Raikov, diplomat karir, mengambil alih pemerintahan sejak Rabu, 13 Maret 2013, setelah protes massal oposisi dan para aktivis membuat koalisi pemerintah dari sayap tengah-kanan itu jatuh. Dalam protesnya, oposisi mempersoalkan masalah kemiskinan yang melonjak dan maraknya korupsi di pemerintahan. Raikov diangkat oleh presiden untuk menjaga kepercayaan pasar dan menenangkan oposisi hingga pemilu 12 Mei mendatang.
"Bulgaria tidak akan berinisiatif menggunakan prosedur yang ada (untuk memasukkan Hizbullah sebagai organisasi teroris)," kata Raikov kepada stasiun radio pemerintah, BNR, Sabtu, 16 Maret 2013. "Kami hanya akan menyajikan fakta-fakta obyektif dan kenyataannya. Biarlah mitra Eropa kami yang memutuskan."

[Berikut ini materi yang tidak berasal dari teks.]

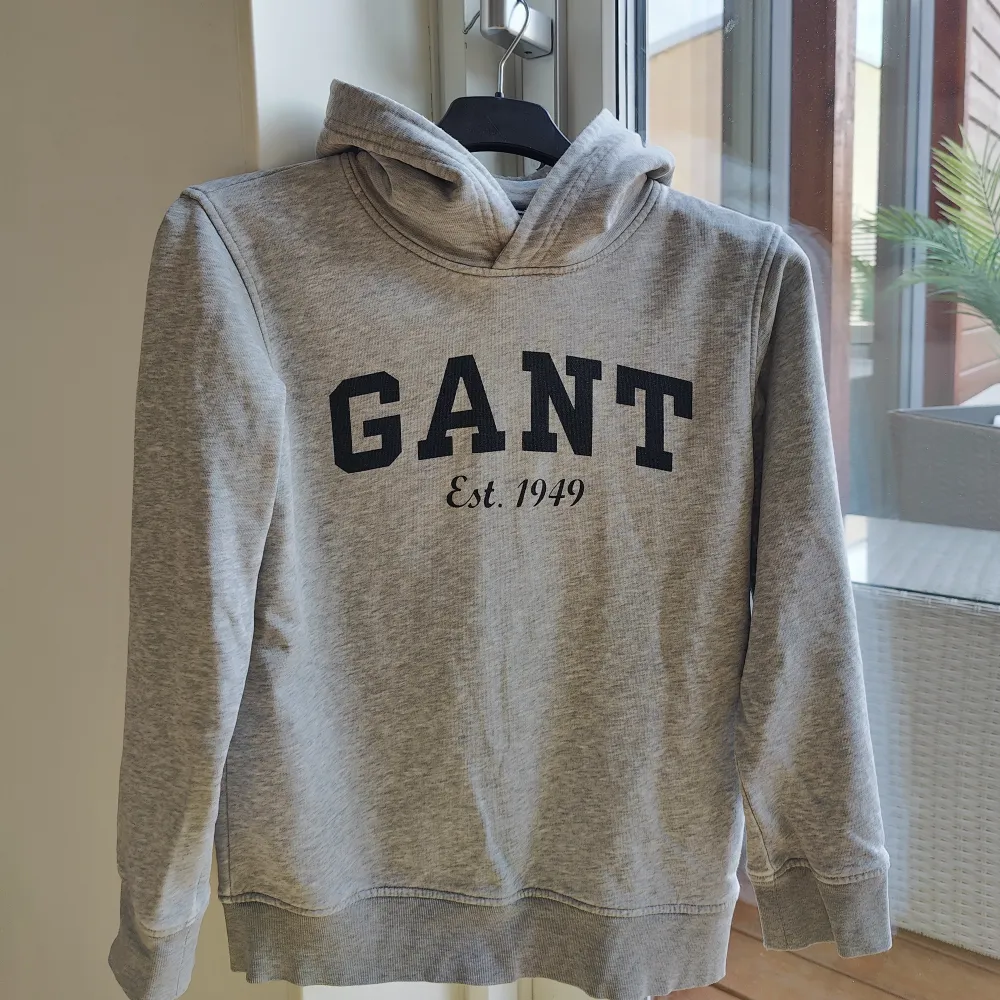 Jättefint skick,sällan använd grå Gant hoodie Kan skickas eller hämtas i Åkarp!. Hoodies.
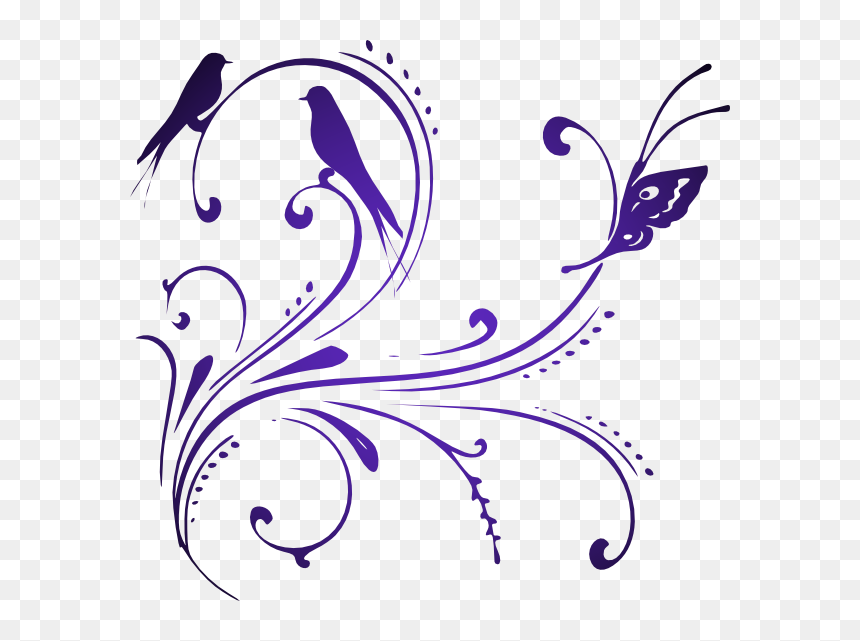 Blue Swirl Hi - Vector Pink Butterfly Png, Transparent Png - swirl vector png
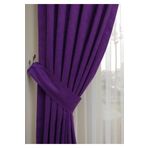 Ev Depo Home Taç Mor Düz Renk Pileli Soft Fon Perde 1/2 5 Normal (Orta) Pile Tek Kanat TACPTKFONPERDE002, Mor, 70 x 240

Soal dugaan keterlibatan Hizbullah dalam pengeboman di Burgas itu disampaikan Menteri Dalam Negeri Tsvetan Tsvetanov Selasa, 5 Februari 2013 lalu, setelah Dewan Keamanan Nasional Bulgaria membahas hasil investigasi kasus pengeboman itu. Kata Tsvetanov saat itu, tiga pelaku yang terlibat dalam pemboman itu memiliki hubungan dengan Hizbullah.
Sebelumnya, Israel telah meningkatkan lobinya terhadap sejumlah negara Eropa agar mengikuti jejak Amerika Serikat yang sudah menetapkan Hizbullah sebagai "organisasi teroris" dan menjatuhkan sanksi keuangan terhadapnya.